We are in the middle of a series on prostate cancer.
For this series I am going through a series of guideline statements put out by the American Urological Association and Society of Urologic Oncologists. The Early Detection of Prostate Cancer guidelines can be found HERE
In this episode we are going to cover guidelines 12-16.
Guideline 12. A biopsy of the prostate may identify a cancer with a sufficiently low risk of mortality that could safely be monitored with active surveillance (AS) rather than treated.
This is true. When a prostate biopsy is done it may find a slow-growing, small-volume prostate cancer. We can overtreat prostate cancers. Treatment options all have risk. The goal of identifying prostate cancer is to find those cancers that need treatment and to carefully monitor the rest.
Guideline 13. Clinicians may use magnetic resonance imaging (MRI) prior to initial biopsy to increase the detection of Grade Group (GG) 2+ prostate cancer.
A prostate MRI (Magnetic Resonance Imaging) is a non-invasive imaging technique used to obtain detailed images of the prostate gland and surrounding tissues.
The MRI will be interpreted by a radiologist.
Guideline 14. Radiologists should utilize PI-RADS in the reporting of multi-parametric MRI (mpMRI) imaging.
PI-RADS stands for Prostate Imaging Reporting and Data System. It's a universally applied way of reporting the MRI findings and a way of quantifying risk of cancer.
A higher PiRADS score means that prostate cancer is more likely, but it doesn't confirm a diagnosis. We still need tissue from the prostate to confirm cancer.
Guidelines 15. For biopsy-naïve patients who have a suspicious lesion on MRI, clinicians should perform targeted biopsies of the suspicious lesion and may also perform a systematic template biopsy.
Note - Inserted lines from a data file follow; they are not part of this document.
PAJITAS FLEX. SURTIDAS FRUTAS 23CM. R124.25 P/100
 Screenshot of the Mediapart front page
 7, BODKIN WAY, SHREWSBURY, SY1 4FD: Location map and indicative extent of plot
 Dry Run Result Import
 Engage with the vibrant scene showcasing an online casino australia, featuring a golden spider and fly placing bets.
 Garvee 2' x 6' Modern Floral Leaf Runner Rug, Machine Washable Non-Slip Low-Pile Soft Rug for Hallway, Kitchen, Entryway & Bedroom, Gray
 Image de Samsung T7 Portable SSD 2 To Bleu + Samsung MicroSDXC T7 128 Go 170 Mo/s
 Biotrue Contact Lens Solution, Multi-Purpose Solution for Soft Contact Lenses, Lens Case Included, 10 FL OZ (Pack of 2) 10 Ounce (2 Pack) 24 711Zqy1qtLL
Both the targeted biopsy and the systematic sampling are important. Cancer may be detected only in the target sample or both in the target and the systematic biopsies. The cancer may only be seen in the systematic biopsies and not in the target biopsy.
Guidelines 16 suggest that for patients with both an absence of suspicious findings on MRI and an elevated risk for GG2+ prostate cancer, clinicians should proceed with a systematic biopsy.
This is a guideline guys don’t want to hear. For most patients with a negative MRI who have never had a prostate biopsy the current standard of care is to advise that man to still have a systematic routine biopsy of the tissue.